Yo, Adrian, My Diaper's Full

Sorry for the long break. We were on a post-Thanksgiving beach vacation, and I try not to broadcast over the world-wide web that my home will be empty for a couple of weeks. Good heavens, what if someone broke in and stole my...wait, I just realized I don't have anything worth stealing...How about my recliner? That's it, I have to maintain full radio silence while on vacation in order to protect my recliner! How depressing and pitiful.

Speaking of depressing and pitiful, I saw an ad this week for the next installment in Sylvester Stallone's "Rocky" series. I think in this one he goes nuts and pummels to death a nursing home orderly for turning off the TV in the middle of "Murder She Wrote."

Here's something I found highly amusing about all this. As I recounted ad nauseum here, my son and I went back to St. Louis in October to watch the Cardinals win the World Series.
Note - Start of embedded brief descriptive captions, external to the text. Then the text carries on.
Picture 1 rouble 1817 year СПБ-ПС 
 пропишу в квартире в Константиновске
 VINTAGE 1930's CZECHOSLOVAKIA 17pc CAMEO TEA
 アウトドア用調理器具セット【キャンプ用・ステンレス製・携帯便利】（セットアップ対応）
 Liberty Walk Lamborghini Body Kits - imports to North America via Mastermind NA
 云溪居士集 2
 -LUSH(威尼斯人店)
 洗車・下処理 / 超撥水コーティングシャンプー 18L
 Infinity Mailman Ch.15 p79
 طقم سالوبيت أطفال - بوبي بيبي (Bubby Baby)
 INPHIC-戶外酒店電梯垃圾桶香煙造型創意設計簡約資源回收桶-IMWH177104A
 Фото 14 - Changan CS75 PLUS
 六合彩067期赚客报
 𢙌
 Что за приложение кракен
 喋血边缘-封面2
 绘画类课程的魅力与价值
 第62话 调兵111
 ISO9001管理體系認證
While we were staying with my folks there, my mom pulled out some old copies of the now-defunct Globe-Democrat newspaper we had saved from the last time the Redbirds had won the World Series when I was in middle school back in 1982.

I always find it fun to read through old newspapers to see what was big at the time, how much things cost, etc. One of the October '82 papers had a little entertainment section in it. As I read through it, I found a blurb about the film "Rocky III," which had been the big hit that summer, and the future possibility of even more films. And then came the best part. The article asked the question: Isn't this premise getting a little bit worn, and isn't Sylvester Stallone too old to be carrying this boxing thing off much longer? Keep in mind, this was written 24 years ago. He's 60 now.

"Rocky VI: Permanent Brain Damage," coming to theaters this Christmas!